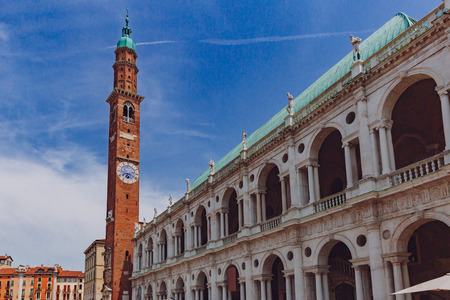 Palladian Basilica and clock tower in in the central Piazza dei Signori of Vicenza, italyのeditorial素材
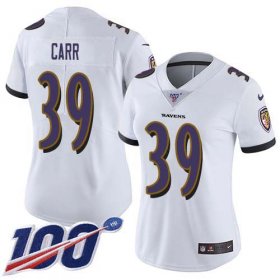 Wholesale Cheap Nike Ravens #39 Brandon Carr White Women\'s Stitched NFL 100th Season Vapor Untouchable Limited Jersey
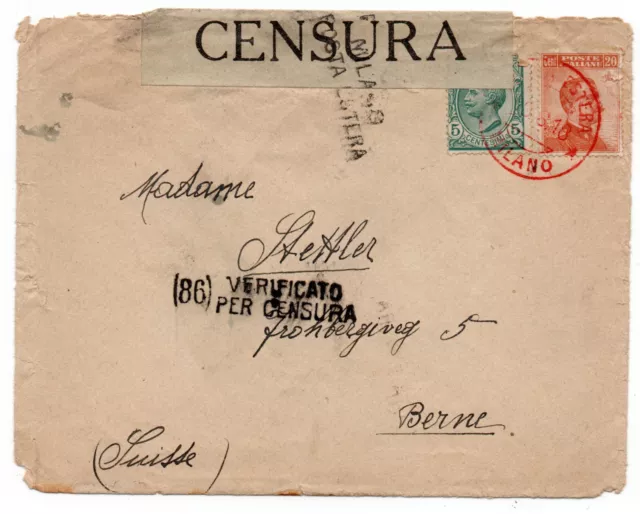 1916 Posta Estera Verificato per Censura Milano Berna tariffa 25 c. (5+20)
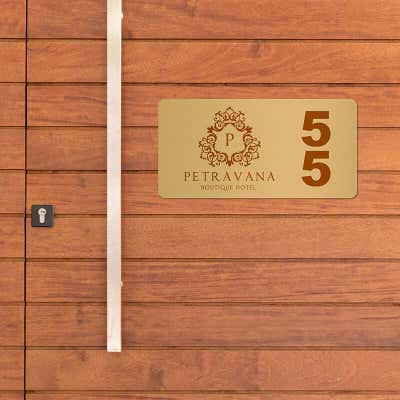 Horizontal Full Color 2" x 4" Brass Signs - alternate view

* **WORK TO COMPLETE**: Give every line above again exactly, with no pictures.

* **WRITTEN REPLY**:
 Palladian Basilica and clock tower in in the central Piazza dei Signori of Vicenza, italyのeditorial素材
 Wholesale Cheap Nike Ravens #39 Brandon Carr White Women\'s Stitched NFL 100th Season Vapor Untouchable Limited Jersey
 1916 Posta Estera Verificato per Censura Milano Berna tariffa 25 c. (5+20)
 Horizontal Full Color 2" x 4" Brass Signs - alternate view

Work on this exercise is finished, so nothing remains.